- REQUIREMENT -
Below are records with pictures. Reproduce exactly the lines from the line with "Limnos Jacket" to the line with "Homestay Aeon Tower 2627 Apartment Davao", inclusive, and leave each picture out.

- GIVEN DATA -
..........
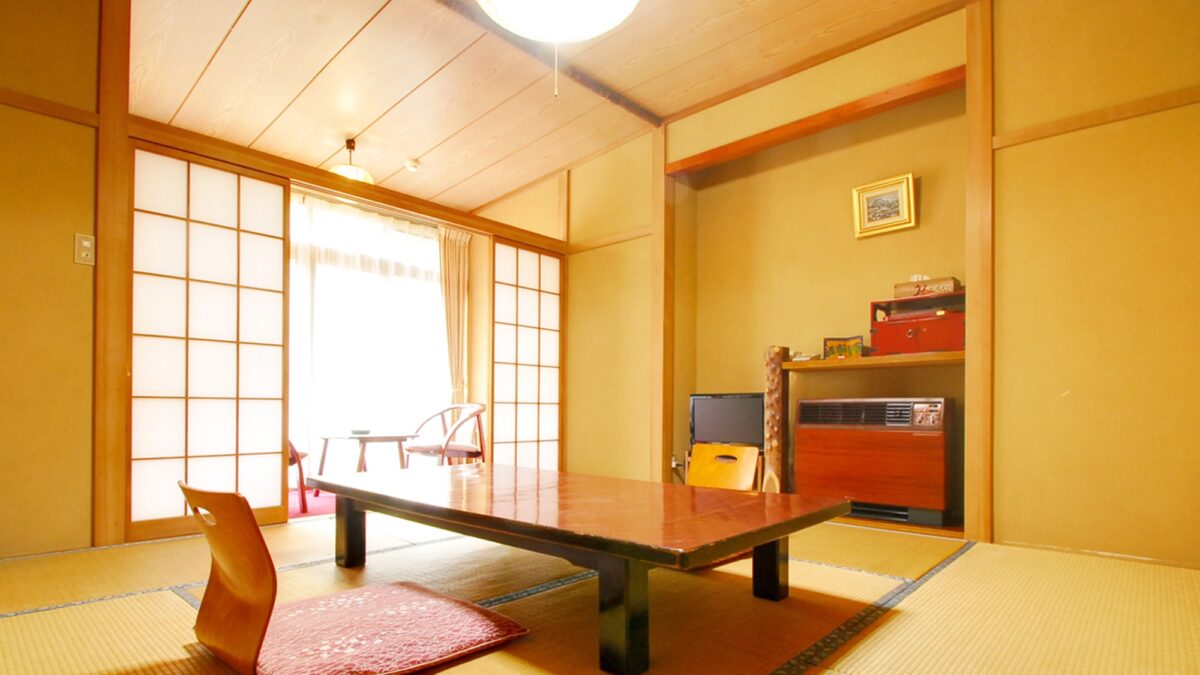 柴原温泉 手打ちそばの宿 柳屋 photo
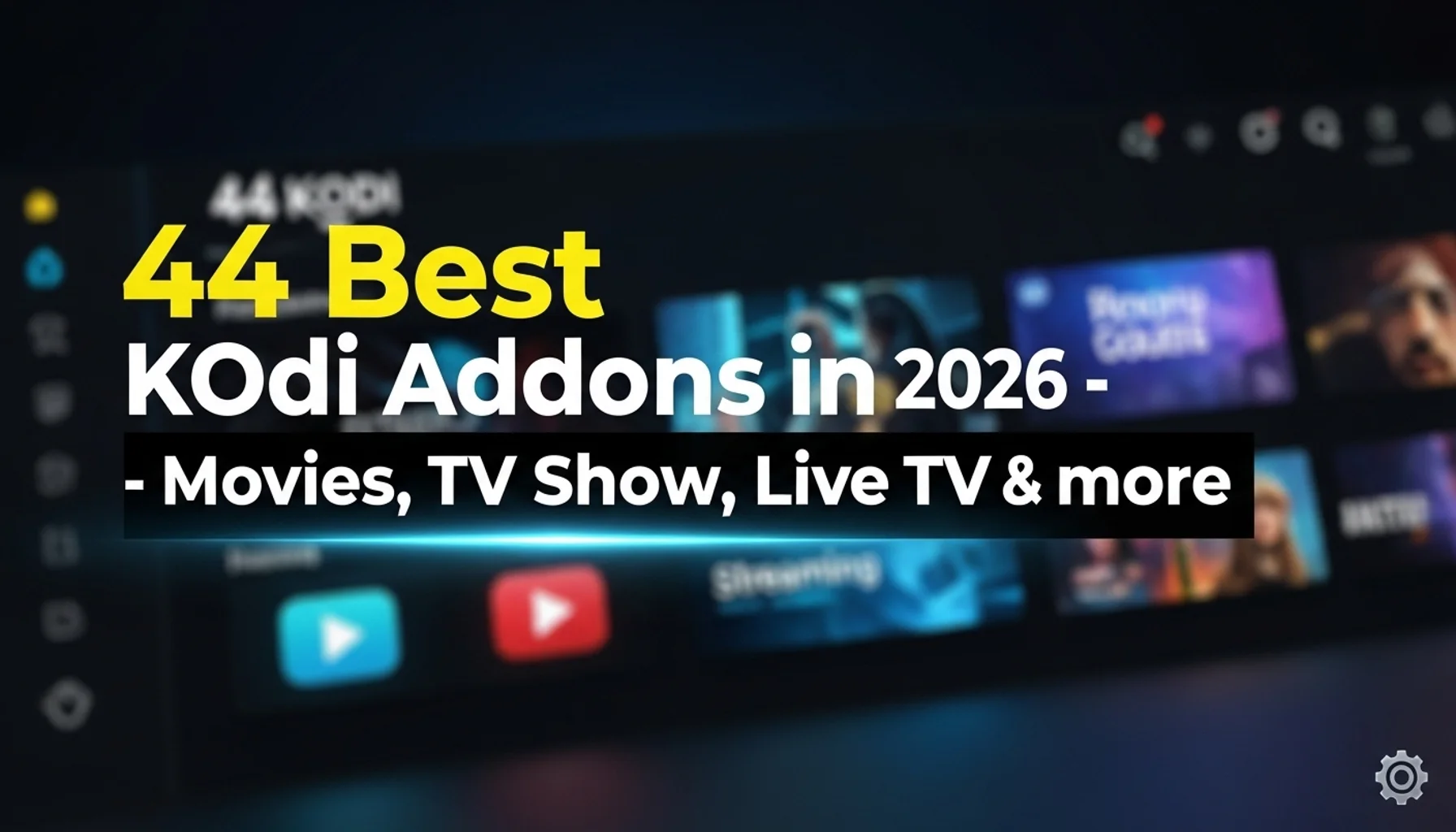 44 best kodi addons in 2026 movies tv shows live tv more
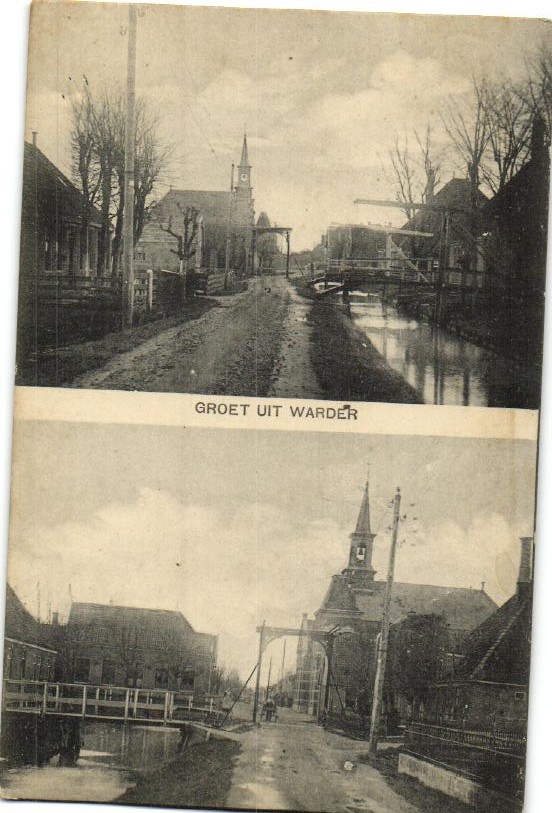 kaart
..........
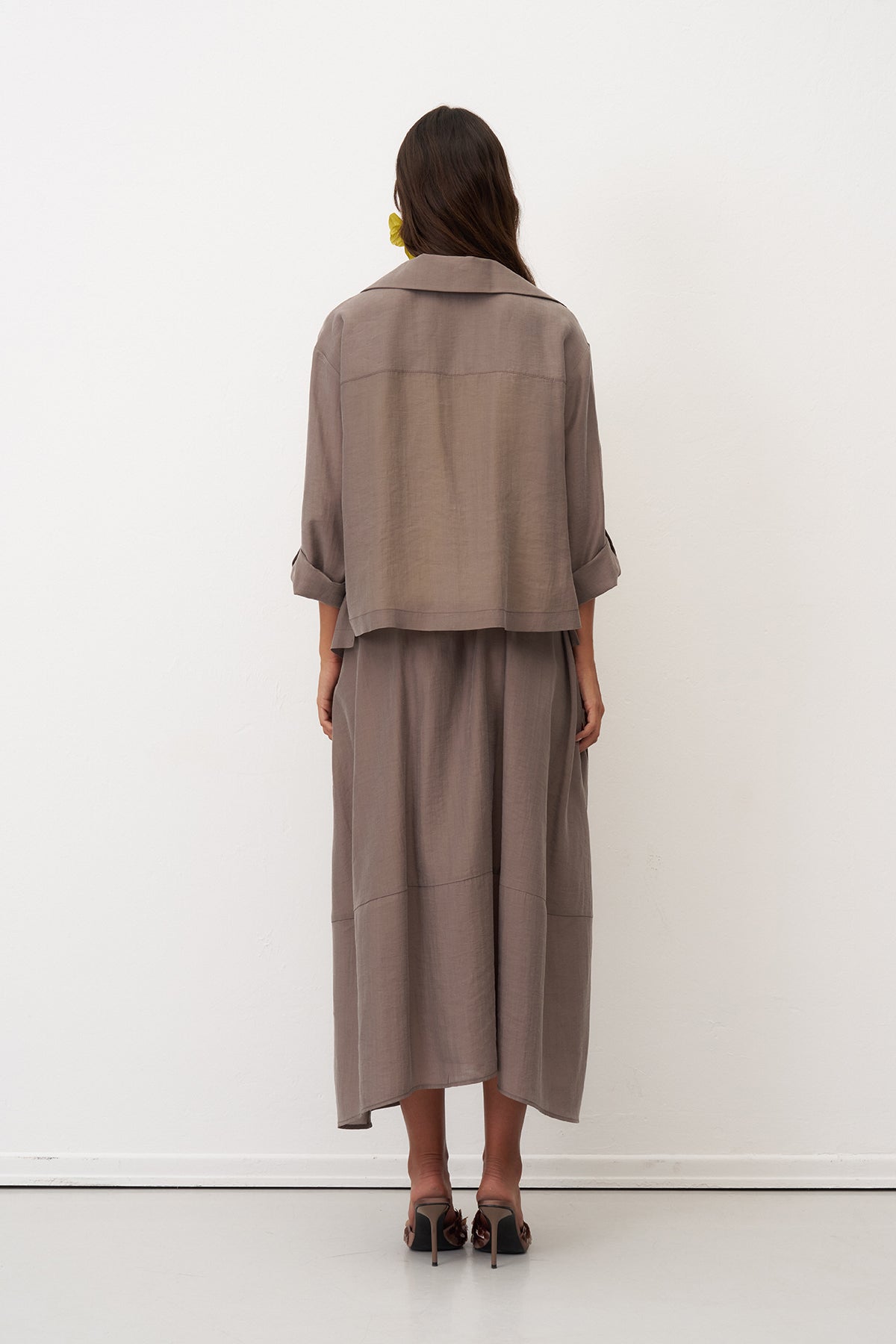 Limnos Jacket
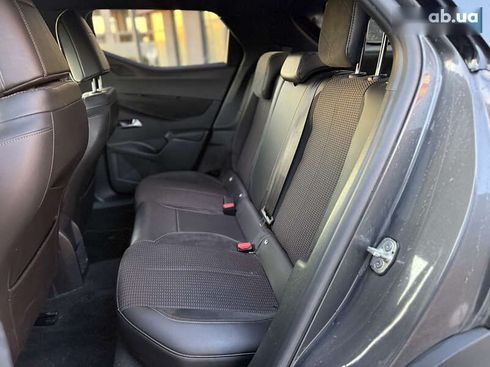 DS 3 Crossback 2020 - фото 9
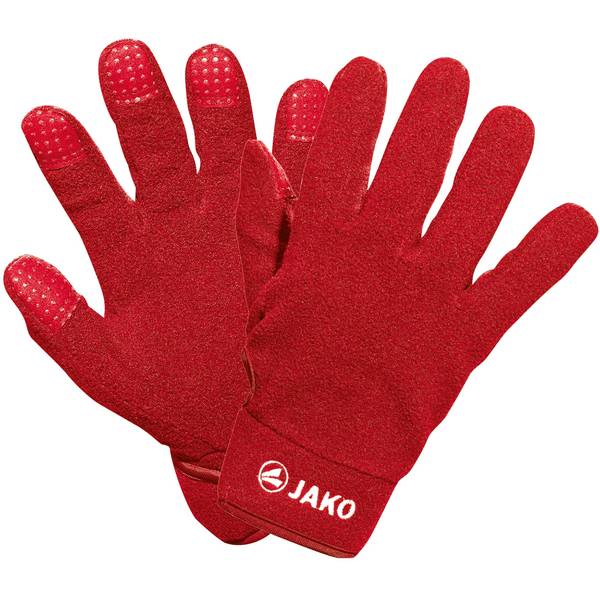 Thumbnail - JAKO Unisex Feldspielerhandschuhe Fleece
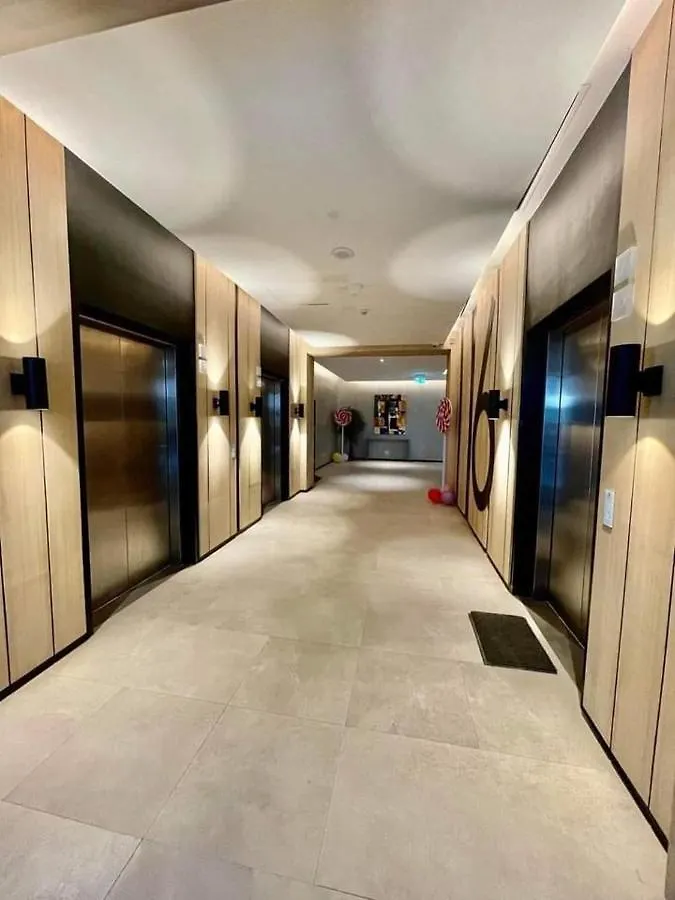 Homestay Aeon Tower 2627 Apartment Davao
..........
- ANSWER TO THE PROBLEM -
 Limnos Jacket
 DS 3 Crossback 2020 - фото 9
 Thumbnail - JAKO Unisex Feldspielerhandschuhe Fleece
 Homestay Aeon Tower 2627 Apartment Davao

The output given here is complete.